Yesavage Depression Scale (IDSS) [9]; executive functions: "Initiation/Perseveration of the Dementia Rating Scale DRS [8]"; "Motor Planning, Semantic Verbal Fluency and Task Change of the SCOPA-COG" [10]; and "Alternating Verbal Fluency and Action of Parkinson's Disease Cognitive Rating Scale-PD-CRS" [11].

Process

From clinical history, clinical and neurological data of interest were obtained. If the subject fulfilled the criteria to be part of the study, an evaluation was made with the tests discussed above.

Statistical analysis

Mean difference, student T, Mann-Whitney U-test, Spearman's Rho.

Results

There were statistically significant differences between patients with IPDD and the comparison group (p<0.000) (Table 2) in all executive functioning components evaluated.

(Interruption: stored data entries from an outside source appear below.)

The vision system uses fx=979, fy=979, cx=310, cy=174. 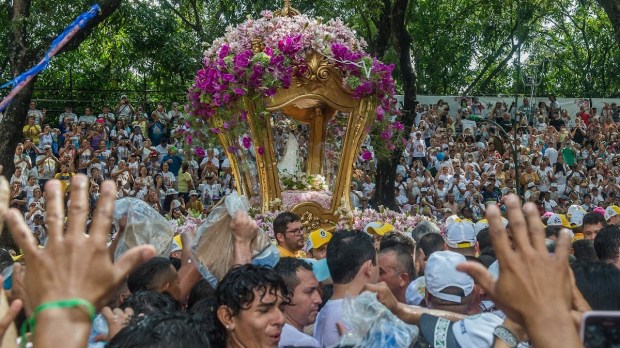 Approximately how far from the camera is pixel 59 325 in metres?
2.29

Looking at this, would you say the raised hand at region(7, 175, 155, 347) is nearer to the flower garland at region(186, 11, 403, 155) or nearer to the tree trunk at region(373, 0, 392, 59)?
the flower garland at region(186, 11, 403, 155)

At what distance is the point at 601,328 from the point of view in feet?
7.18

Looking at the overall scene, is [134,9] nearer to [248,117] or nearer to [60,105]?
[60,105]

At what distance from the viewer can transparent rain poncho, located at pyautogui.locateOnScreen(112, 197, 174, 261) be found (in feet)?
19.7

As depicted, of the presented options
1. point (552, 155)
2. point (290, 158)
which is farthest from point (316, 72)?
point (552, 155)

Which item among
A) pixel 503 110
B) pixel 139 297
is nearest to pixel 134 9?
pixel 503 110

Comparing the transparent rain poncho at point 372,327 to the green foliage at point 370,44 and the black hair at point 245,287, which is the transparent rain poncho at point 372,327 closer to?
the black hair at point 245,287

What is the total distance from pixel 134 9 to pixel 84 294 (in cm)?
2327

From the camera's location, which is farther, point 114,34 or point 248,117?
point 114,34

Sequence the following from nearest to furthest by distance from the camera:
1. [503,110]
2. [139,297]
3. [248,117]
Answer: [139,297], [248,117], [503,110]

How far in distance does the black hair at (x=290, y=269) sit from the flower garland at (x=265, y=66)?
241 inches

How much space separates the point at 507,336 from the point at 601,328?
0.79 meters

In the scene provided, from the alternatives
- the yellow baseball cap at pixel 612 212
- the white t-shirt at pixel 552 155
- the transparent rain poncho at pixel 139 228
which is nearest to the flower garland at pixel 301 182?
the yellow baseball cap at pixel 612 212

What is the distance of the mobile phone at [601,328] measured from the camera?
2166mm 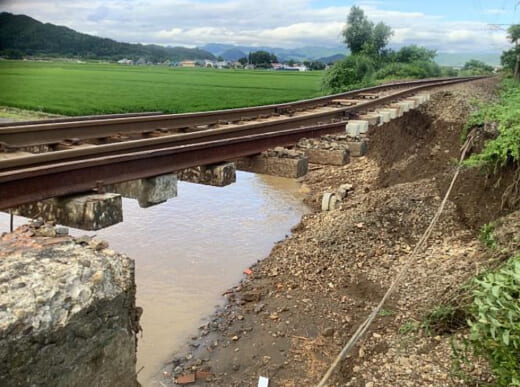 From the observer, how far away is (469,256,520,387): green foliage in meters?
3.42

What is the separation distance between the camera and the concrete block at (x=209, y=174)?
5.51 m

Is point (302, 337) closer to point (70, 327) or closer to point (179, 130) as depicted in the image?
point (179, 130)

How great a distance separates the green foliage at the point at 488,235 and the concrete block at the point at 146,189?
199 inches

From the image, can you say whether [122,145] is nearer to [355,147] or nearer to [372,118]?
[355,147]

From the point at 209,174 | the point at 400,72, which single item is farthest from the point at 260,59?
the point at 209,174

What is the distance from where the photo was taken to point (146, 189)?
4.86 m

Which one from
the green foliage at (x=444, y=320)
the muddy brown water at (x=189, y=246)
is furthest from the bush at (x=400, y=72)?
the green foliage at (x=444, y=320)

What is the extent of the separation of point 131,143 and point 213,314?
17.3ft

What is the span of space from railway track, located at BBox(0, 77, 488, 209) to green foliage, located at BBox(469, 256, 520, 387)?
3002mm

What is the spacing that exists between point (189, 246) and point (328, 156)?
738 cm

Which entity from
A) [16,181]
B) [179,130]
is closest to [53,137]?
[179,130]

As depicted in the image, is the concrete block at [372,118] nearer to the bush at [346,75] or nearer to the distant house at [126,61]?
the bush at [346,75]

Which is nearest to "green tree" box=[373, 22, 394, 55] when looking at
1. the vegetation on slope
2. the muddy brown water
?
the vegetation on slope

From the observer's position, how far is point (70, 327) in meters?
2.98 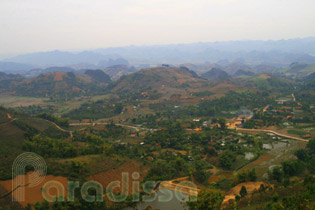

Significant differences were also found between the two groups in the total score obtained on the scale of Yesavage (p<0.01 and Table 2) [9].

IDSS  p
Initiation-perseverance (Mattis) 29.00 0.001
Motor planning (Mattis) 26.43 0.001
Verbal fluency semantic (Scopa-Cog) 28.32 0.001
Task change (Scopa-Cog) 27.41 0.001
Alternating verbal fluency (PDCRS) 28.12 0.001

Table 2. Mann-Whitney U-test.

There is a statistically significant negative correlation between the total score obtained on the Yesavage scale and the scores obtained in the tasks of semantic verbal fluency (rho=-0.248; p=0.047) and task change of SCOPA-COG (rho=-0.314; p=0.001) (Table 3) [10].

Measurement instrument Rho p
Verbal fluency (Scopa-Cog) -0.248 0.047
Task change (Scopa-Cog) -0.314 0.001

Table 3. Spearman's Rho.

Conclusion

Subjects with IPDD in stages III and IV of the Hoehn and Yahr scale have higher depressive symptoms than the normal group of subjects.

The presence of depressive symptomatology in patients with IPDD correlates negatively with performance in executive functioning tasks, specifically in semantic verbal fluency tasks and SCOPA-COG task change.

Depressive symptomatology influences the executive functioning of subjects diagnosed with IPDD, which may be clinically related to dysfunction fronto subcortical and dorsolateral cortex circuits, brain structures that correlate with neurobehavioral disorders such as depression.

It is suggested to generate functional neurorehabilitation plans, which aim to improve the quality of life in people with this type of diagnosis.

For the field of neurosciences, and for us neuroscientists, Parkinson's disease continues to be a dilemma from its etiology to its treatment, but this does not stop us from continuing to investigate different practices and experiments that lead to the slowing down of the disease, and of course to the improvement of their quality of life.